US President Donald Trump’s decision to impose punishingly high tariffs on nearly every country with which America trades has occupied the news for a week. Much of this has focused on the wisdom of tariffing China.

However, that is not the controversial part of Trump’s trade war. The US foreign policy community has been relatively hawkish on China for a decade. It is now widely understood that trade with China brings geopolitical risk and cheap consumer products.

As consumers, much of the world has benefitted from China’s low labor costs and massive scale. However, China’s integration into the world economy has not liberalized or democratized the country. So, today, what was once a poor, belligerent autocracy is now a middle-income, belligerent autocracy. 
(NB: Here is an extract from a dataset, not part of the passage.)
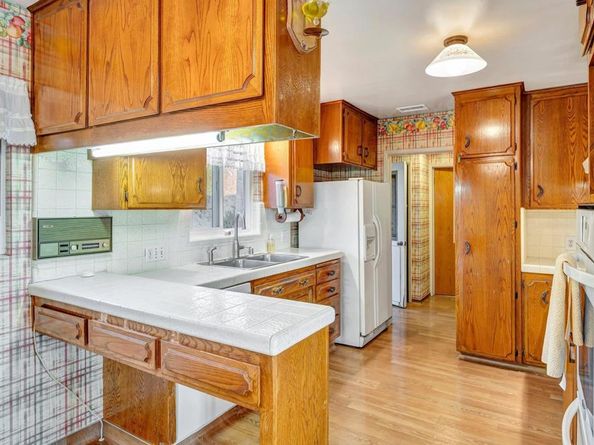 1106 Dawnridge Avenue, El Cajon CA 92021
Trading with China is worsening its geopolitical challenge to the world order. Thus, ‘de-Sinifying’ the supply chains of democracies is probably wise. Trump’s first-term tariffs on China were retained by his successor, Joe Biden, suggesting a bipartisan US consensus on reducing trade with China.

Instead, the problem with Trump’s new tariffs is that they hit countries Washington wants to help deal with China’s rise. Tariffing China’s many neighbors encourages them to seek a separate deal with China rather than align with the US geopolitically.

A Lot of China’s Neighbors are Uncomfortable with Its Size and Ambitions

A balancing coalition against rising Chinese power in east Asia is easy to imagine. 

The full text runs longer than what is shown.